Attention: We are retiring the ASP.NET Community Blogs. Learn more >

Reporting on massive amounts of data in real time: Need input

Since I've been in the content business online for eight years or so, advertising is the life line that pays the bills. Not my first choice since it has been relatively unstable since the start, but it is what it is.

Eventually the time came where I needed to develop my own ad serving application. The truth is, it works extremely well in terms of serving ads. Where it doesn't work that well is reporting from the millions upon millions of rows generated.

Here's the situation. Every time an ad is served, a row is recorded that contains it's ID, it's location (an ID for a specific ad position on a page), the time it was served, and two GUID's, one for the user's session and one for the user's lifetime identification. The last two are used for session and overall impression capping. They're indexed, and surprisingly enough inserts aren't hindered. I seem to recall an index on the ad's ID as well.

Reporting queries ask for total counts in a given time span, either by the ID or the location, and need to be displayed with hourly or daily totals. Originally I had a background thread that counts up totals every hour and puts those in a new table, but even querying that data is too slow.

Can anyone with more SQL experience offer any suggestions? 

7 Comments

  • Since you need to group these reports by timespan, potentially using a BETWEEN clause, I'd suggest removing the clustered index for the ID column (assuming that's what you have) and creating a clustered index on the actual datetime column.

  • My suggestion will only offer some improvement if your PK column is NOT an identity column but a GUID with a clustered index on (which would be pretty much useless).

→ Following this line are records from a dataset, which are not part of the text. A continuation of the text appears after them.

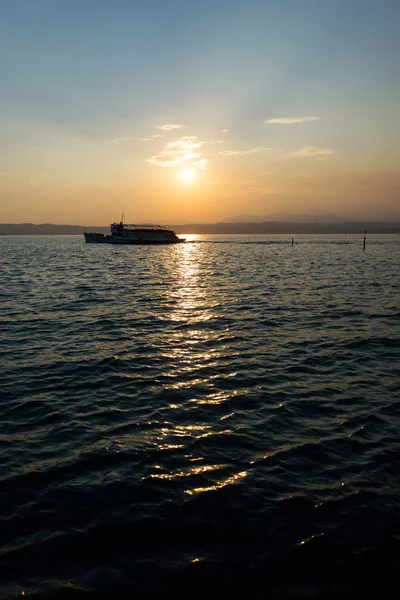 Fähre Schwimmt Auf Dem Lago Garda Der Nähe Der Scaliger — Stockfoto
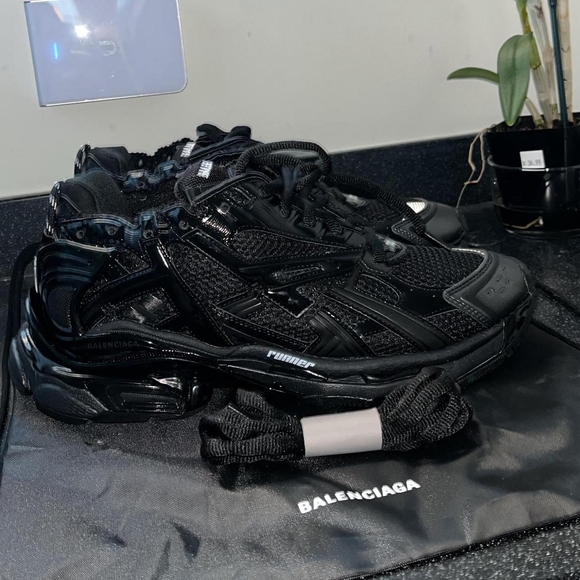 Balenciaga runner Men's Glossy Black Athletic Shoes - Picture 1 of 4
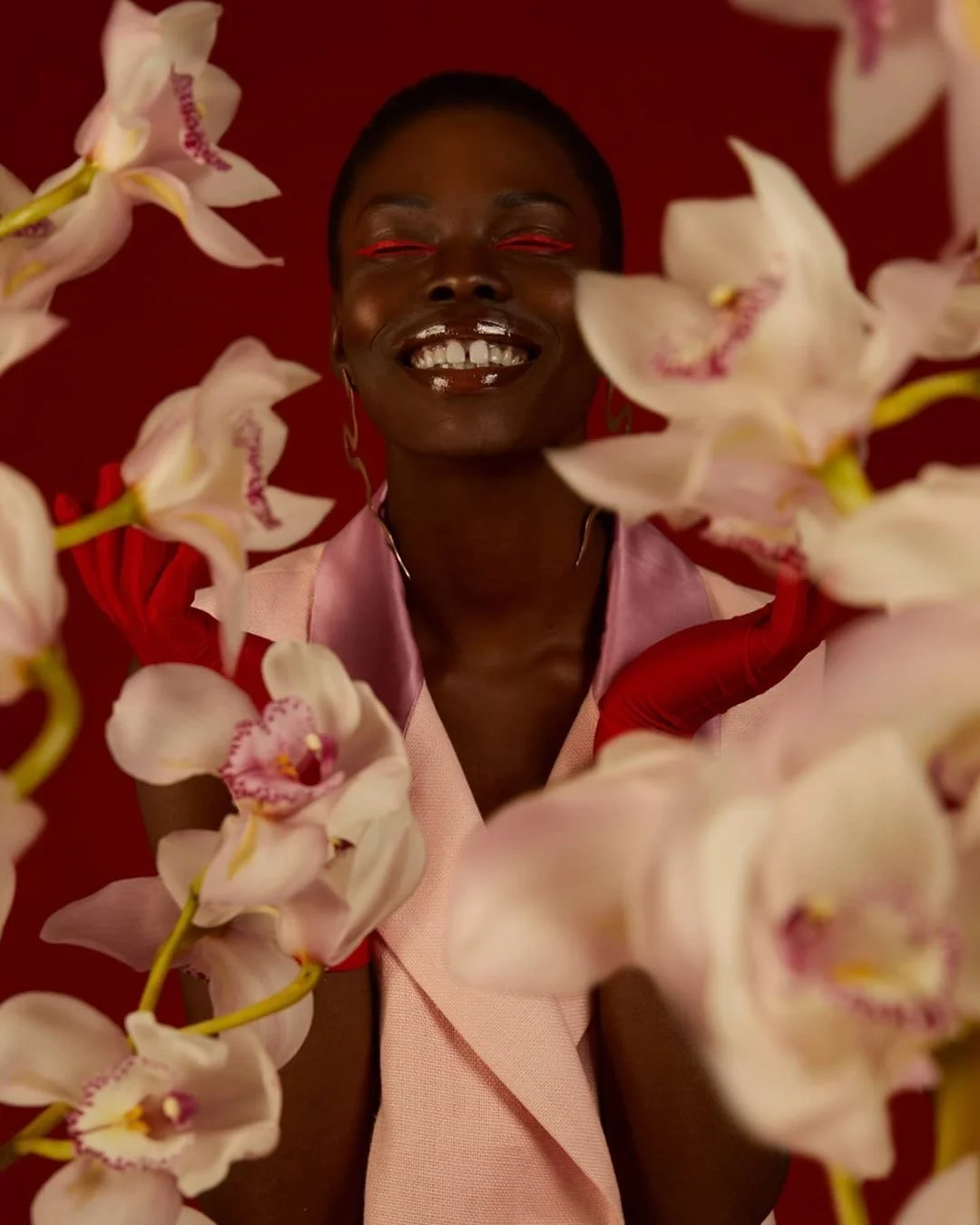 Online business manager  that creates expansion and support through structure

  • You have not mentioned what's ur database version. If it's SQL2005, then you can replace GUID with SequentialGUID with a clustered index. It's a better choice for an indexed identity column

    If its SQL2000, then indexing a GUID column would be of no use. Btw, is ur tables partitioned across multiple servers in anetwork? If not why use GUID at all, why not use Identity column itself?

  • a) Index the time column. b)Index the indexes. c)Make the time the primary key. d)faster server.

  • Dude, it's really hard to read your post when you don't spell out words.

    The database can be whatever, but I'd like to avoid tying myself down to any one in particular. Why is indexing a GUID column of no use?

  • Putting a clustered GUID index isn't of any use because there is no benefit in having GUID's that start with the same characters to be on the same physical database page.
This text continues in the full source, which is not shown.